**What is expected**
Scan the entries below for the word "with" and copy every line in which it occurs.
....
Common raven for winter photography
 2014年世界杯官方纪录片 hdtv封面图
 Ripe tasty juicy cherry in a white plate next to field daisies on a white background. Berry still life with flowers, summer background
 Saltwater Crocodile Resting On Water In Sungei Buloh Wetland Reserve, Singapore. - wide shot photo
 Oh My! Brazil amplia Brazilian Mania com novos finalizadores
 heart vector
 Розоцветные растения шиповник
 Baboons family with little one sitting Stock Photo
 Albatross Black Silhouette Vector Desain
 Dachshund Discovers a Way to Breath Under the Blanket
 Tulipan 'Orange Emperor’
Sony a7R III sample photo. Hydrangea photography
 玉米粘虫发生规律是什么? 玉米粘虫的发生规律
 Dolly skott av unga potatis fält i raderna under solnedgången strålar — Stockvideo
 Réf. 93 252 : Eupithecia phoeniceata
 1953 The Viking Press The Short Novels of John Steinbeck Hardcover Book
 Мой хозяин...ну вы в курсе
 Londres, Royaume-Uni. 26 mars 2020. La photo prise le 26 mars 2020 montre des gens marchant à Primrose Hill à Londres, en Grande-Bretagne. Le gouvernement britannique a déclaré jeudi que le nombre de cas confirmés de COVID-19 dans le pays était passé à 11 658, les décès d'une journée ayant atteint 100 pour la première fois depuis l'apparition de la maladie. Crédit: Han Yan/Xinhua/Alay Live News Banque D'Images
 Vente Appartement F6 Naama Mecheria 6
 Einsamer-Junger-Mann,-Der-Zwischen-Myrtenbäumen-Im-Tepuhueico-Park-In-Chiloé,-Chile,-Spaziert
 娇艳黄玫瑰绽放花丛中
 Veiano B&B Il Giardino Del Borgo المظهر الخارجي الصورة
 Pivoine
....
**Response**
 Ripe tasty juicy cherry in a white plate next to field daisies on a white background. Berry still life with flowers, summer background
 Baboons family with little one sitting Stock Photo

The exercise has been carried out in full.